De-multiplexing

Checkout-batch

Description

A script to perform de-multiplexing and UMI tag extraction for a set of FASTQ files that were previously split using Illumina sample indices.

Usage

General:

java -jar migec.jar CheckoutBatch [options] barcodes_file output_dir

The barcodes file specifies sample multiplexing and UMI (NNN.. region) extraction rules. It has the same structure as for “manual” Checkout (see section below), with additional two columns that specify input FASTQ file names.
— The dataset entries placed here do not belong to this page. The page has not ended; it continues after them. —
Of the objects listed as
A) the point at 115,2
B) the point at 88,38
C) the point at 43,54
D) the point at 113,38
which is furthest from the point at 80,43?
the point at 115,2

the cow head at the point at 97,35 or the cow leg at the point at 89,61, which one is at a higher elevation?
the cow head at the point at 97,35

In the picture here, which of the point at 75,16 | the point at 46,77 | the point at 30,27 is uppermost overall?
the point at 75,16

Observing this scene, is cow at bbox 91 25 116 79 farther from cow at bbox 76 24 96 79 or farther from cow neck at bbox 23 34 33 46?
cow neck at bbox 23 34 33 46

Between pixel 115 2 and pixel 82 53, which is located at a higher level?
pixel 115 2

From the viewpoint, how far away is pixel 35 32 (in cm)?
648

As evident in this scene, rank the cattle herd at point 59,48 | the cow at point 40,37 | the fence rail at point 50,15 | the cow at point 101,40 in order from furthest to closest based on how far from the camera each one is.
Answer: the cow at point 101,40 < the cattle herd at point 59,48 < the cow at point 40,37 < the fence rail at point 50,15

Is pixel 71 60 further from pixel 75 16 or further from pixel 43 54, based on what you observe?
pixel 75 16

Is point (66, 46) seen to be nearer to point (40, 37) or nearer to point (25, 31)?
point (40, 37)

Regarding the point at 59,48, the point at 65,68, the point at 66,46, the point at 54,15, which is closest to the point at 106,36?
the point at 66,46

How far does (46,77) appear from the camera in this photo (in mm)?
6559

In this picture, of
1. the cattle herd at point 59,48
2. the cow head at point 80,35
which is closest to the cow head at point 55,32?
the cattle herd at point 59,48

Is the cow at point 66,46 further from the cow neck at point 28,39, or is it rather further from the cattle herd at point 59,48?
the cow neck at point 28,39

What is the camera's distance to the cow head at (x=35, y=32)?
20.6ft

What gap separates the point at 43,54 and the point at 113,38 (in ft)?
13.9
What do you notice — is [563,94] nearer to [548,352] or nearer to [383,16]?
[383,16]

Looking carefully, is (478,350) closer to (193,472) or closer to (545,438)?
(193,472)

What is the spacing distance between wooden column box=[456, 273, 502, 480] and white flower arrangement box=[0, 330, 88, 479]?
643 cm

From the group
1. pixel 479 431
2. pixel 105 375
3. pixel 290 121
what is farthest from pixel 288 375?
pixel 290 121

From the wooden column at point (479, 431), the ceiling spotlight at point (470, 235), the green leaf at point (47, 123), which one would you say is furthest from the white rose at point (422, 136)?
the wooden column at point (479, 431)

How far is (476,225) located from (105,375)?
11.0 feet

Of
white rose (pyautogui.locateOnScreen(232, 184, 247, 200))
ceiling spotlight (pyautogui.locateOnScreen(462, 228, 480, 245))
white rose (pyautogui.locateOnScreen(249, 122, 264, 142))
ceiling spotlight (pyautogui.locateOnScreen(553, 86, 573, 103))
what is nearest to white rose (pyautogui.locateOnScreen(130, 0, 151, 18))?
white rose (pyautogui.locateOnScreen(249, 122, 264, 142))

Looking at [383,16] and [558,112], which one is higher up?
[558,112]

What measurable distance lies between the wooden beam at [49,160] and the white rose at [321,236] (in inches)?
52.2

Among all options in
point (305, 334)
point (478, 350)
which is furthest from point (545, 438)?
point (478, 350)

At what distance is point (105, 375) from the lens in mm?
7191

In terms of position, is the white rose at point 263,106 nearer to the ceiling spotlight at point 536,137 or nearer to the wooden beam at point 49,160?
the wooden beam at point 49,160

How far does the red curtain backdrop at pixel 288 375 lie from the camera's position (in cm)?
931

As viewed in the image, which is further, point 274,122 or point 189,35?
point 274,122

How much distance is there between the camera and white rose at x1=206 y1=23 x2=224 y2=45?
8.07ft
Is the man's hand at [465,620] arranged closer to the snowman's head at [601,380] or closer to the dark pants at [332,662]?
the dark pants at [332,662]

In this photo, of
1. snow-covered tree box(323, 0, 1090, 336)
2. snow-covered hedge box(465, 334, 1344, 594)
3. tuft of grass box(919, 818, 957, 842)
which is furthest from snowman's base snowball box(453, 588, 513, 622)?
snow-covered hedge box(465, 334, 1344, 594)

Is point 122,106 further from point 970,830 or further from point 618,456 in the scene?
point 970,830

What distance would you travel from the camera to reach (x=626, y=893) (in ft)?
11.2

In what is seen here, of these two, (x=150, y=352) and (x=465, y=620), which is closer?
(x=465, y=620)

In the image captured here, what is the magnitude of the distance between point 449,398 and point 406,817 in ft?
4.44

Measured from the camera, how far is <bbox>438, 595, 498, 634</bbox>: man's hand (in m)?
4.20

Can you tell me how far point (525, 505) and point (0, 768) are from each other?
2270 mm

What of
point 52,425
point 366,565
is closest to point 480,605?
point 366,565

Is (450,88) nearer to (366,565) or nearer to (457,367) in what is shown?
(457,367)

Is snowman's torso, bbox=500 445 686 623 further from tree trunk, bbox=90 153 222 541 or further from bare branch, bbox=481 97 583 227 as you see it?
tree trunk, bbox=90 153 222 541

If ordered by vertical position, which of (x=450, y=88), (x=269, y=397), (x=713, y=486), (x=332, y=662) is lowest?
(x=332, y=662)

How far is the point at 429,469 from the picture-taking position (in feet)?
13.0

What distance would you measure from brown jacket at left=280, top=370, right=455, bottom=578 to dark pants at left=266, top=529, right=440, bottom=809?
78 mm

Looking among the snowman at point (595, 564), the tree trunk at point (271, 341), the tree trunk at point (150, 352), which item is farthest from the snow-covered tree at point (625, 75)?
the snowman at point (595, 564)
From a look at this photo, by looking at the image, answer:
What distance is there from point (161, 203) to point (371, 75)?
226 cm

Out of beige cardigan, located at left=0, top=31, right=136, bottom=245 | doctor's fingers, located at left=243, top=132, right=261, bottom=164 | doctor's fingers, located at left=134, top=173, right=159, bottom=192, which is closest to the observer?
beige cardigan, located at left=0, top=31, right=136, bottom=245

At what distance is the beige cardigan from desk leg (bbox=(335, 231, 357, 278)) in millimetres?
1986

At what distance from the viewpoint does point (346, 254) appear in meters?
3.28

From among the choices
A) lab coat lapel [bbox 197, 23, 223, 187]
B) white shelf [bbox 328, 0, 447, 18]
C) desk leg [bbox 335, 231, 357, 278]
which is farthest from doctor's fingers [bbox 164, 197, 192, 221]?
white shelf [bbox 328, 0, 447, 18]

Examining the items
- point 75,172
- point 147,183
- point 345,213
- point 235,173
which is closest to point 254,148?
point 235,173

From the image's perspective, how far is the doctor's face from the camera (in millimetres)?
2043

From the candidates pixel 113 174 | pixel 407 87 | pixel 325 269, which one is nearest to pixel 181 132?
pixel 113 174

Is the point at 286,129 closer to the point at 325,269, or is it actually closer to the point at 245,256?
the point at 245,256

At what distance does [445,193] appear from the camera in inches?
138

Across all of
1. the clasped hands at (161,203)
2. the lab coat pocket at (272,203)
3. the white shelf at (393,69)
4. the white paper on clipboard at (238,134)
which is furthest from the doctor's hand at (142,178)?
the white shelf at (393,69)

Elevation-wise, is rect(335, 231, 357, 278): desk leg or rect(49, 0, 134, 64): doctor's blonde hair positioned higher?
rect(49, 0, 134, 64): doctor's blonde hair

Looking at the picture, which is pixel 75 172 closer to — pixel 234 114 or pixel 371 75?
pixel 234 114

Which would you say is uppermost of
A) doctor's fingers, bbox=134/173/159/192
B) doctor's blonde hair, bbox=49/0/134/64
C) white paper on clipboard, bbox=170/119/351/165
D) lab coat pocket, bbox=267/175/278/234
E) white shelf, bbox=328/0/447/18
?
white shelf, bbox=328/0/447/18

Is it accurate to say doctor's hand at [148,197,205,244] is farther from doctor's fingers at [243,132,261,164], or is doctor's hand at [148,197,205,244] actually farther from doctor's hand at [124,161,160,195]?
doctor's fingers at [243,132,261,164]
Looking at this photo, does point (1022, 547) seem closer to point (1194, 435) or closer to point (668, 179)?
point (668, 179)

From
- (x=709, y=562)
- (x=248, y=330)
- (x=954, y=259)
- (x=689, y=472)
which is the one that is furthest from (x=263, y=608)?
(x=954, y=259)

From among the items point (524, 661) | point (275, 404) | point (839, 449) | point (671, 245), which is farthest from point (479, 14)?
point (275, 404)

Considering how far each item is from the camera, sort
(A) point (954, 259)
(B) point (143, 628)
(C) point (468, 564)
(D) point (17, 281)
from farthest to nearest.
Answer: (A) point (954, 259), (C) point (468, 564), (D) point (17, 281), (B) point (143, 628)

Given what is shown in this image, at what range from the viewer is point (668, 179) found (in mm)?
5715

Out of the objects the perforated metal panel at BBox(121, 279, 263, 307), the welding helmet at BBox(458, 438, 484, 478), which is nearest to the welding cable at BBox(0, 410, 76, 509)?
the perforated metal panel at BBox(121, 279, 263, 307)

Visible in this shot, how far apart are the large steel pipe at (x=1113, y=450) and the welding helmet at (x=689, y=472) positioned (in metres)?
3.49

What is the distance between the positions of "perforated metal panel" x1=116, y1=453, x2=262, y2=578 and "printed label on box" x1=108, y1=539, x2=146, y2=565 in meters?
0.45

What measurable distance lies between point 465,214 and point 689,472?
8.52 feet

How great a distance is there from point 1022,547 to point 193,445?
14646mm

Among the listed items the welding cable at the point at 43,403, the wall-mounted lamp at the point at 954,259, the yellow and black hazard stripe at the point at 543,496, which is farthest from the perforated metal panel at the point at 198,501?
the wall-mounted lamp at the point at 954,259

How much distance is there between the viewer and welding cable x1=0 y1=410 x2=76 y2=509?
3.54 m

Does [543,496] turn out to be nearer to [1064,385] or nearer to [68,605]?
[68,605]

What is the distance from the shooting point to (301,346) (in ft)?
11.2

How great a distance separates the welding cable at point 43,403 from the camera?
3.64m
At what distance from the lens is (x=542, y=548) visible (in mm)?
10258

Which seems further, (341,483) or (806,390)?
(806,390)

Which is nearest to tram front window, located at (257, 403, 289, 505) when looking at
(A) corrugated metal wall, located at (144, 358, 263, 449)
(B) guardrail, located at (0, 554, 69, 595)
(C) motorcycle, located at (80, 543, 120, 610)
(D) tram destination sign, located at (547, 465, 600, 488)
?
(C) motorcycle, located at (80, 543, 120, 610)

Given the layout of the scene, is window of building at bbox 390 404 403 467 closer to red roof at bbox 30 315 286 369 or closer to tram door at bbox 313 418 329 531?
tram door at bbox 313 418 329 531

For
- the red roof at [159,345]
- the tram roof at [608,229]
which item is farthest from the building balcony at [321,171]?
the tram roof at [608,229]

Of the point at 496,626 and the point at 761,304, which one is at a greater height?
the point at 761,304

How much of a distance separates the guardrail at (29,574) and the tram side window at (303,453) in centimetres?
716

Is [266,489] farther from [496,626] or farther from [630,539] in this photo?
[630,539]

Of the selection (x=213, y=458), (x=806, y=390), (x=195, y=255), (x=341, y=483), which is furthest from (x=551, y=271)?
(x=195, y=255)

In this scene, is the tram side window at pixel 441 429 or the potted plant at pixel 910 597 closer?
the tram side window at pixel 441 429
Sample ID Master barcode sequence Slave barcode sequence Read#1 FASTQ Read#2 FASTQ
S0 acgtacgtAGGTTAcadkgag      
S1 acgtacgtGGTTAAcadkgag ctgkGTTCaat ILM1_R1_L001.fastq.gz ILM1_R2_L001.fastq.gz
S1 acgtacgtAAGGTTcadkgagNNNNNN   ILM2_R1_L001.fastq.gz ILM2_R2_L001.fastq.gz
S3 acgtacgtTAAGGTcadkgagNNNNNN NNNNNNctgkGTTCaat ILM1_R1_L001.fastq.gz ILM1_R2_L001.fastq.gz

The following rules apply:

  • All specified FASTQ files are sequentially processed using Checkout
  • If no FASTQ file is specified for a given barcode, it will be searched in all FASTQ files
  • CheckoutBatch will properly aggregate reads from multiple FASTQ files that have the same sample id
  • Still there should not be the case when a FASTQ file has the same barcode specified more than once

Parameters

Same as in manual version of Checkout, see below.

Output format

The Checkout routine produces files in the FASTQ format that have a specific UMI field added to the header. Each read successfully matched by Checkout will be output as follows:

@ILLUMINA_HEADER UMI:NNNN:QQQQ
ATAGATTATGAGTATG
+
##II#IIIIIIIIIII

The original read header (ILLUMINA_HEADER here) is preserved, the appended UMI:NNNN:QQQQ contains the sequence of the UMI tag (NNNN bases) and its quality string (QQQQ).

Checkout-manual

Description

A script to perform de-multiplexing and UMI tag extraction

Usage

General:

java -jar migec.jar Checkout [options] barcodes_file R1.fastq[.gz] [. or R2.fastq[.gz]] output_dir

For paired-end data:

java -jar migec.jar Checkout -cute barcodes.txt R1.fastq.gz R2.fastq.gz ./checkout/

For unpaired library:

java -jar migec.jar Checkout -cute barcodes.txt R.fastq.gz . ./checkout/

For overlapping paired reads:

java -jar migec.jar Checkout -cute --overlap barcodes.txt R1.fastq.gz R2.fastq.gz . checkout/

accepted barcodes.txt format is a tab-delimited table with the following structure:

Sample ID Master barcode sequence Slave barcode sequence
S0 acgtacgtAGGTTAcadkgag  
S1 acgtacgtGGTTAAcadkgag ctgkGTTCaat
S2 acgtacgtAAGGTTcadkgagNNNNNN  
S3 acgtacgtTAAGGTcadkgagNNNNNN NNNNNNctgkGTTCaat

A sequencing read is scanned for master adapter and then, if found, its mate is reverse-complemented to get on the same strand as master read and scanned for slave adapter.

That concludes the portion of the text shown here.